Developers have become so dependent on AI coding tools that a leading AI research lab could not run a controlled experiment without them — and the productivity gains they believe they are getting may be largely illusory, according to a convergence of recent research and corporate disclosures.
In February 2026, METR — the machine-learning evaluation and research lab — attempted to update a landmark 2025 study measuring how much time open-source developers took to complete tasks with and without AI assistance. The update never happened. Developers refused to participate “because they do not wish to work without AI,” the researchers acknowledged, effectively making a controlled comparison impossible.
What the Data Actually Shows
METR’s original 2025 study produced a result that surprised even its authors: developers who believed AI was accelerating their work were, in measurable terms, slower. The speed at which AI generated code was more than offset by the time spent steering the model, waiting on completions, and — critically — hunting down and correcting errors. The net effect was negative.
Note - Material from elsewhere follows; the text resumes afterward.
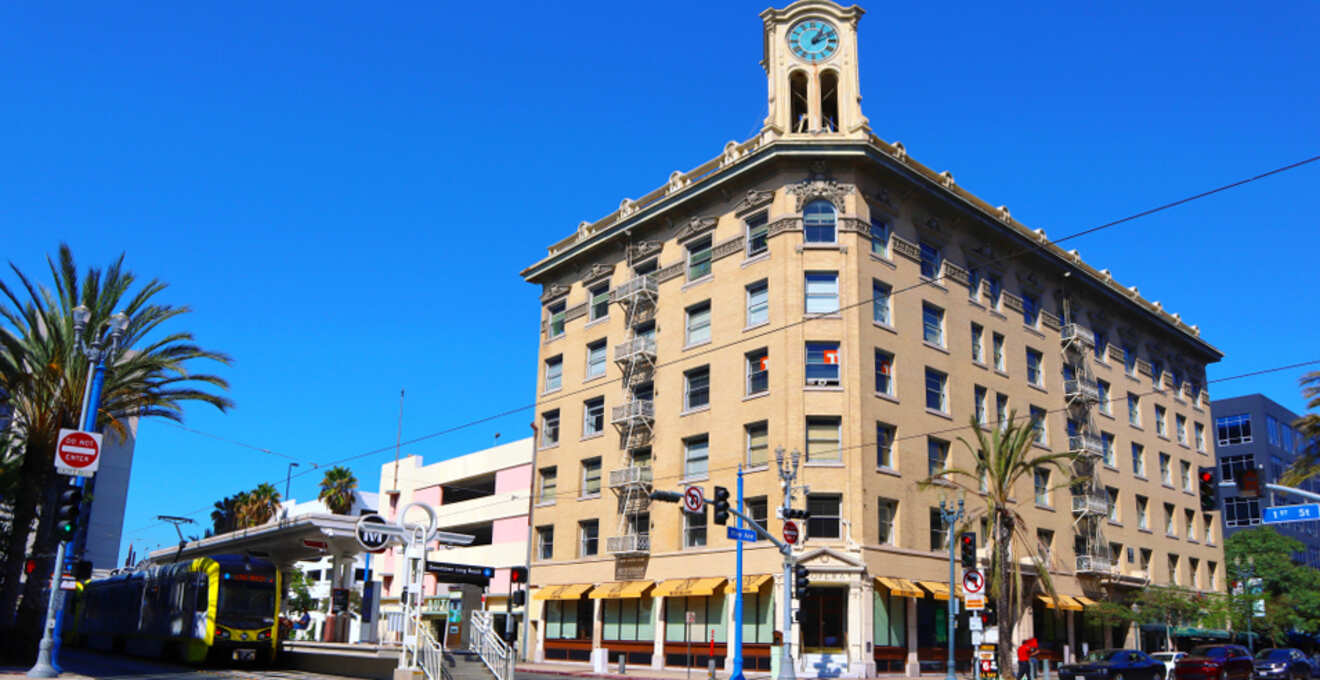 Historic clock tower building at the corner of a sunny downtown street in East Village Arts District, Long Beach, with a modern tram passing by and palm trees against a clear blue sky.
Unable to replicate those conditions in 2026, METR pivoted to a self-reported survey published in May. Technical employees perceived that AI made them roughly twice as valuable to their organizations. Self-reported productivity surveys, however, are among the weakest instruments in empirical research; perception and measurement routinely diverge, particularly when workers are enthusiastic adopters of the technology being evaluated.
Corporate budget data tells a more sobering story. Uber exhausted its entire 2026 AI budget within the first four months of the year, according to reporting by The Information. COO Andrew Macdonald said on a recent podcast that the expenditure had not produced a measurable increase in completed projects or overall productivity. Separately, Amazon shut down an internal token-tracking leaderboard called Kirorank after employees gamed it by running AI agents excessively and driving up costs, the Financial Times reported. Both cases illustrate the same dynamic: AI use does not automatically translate into output.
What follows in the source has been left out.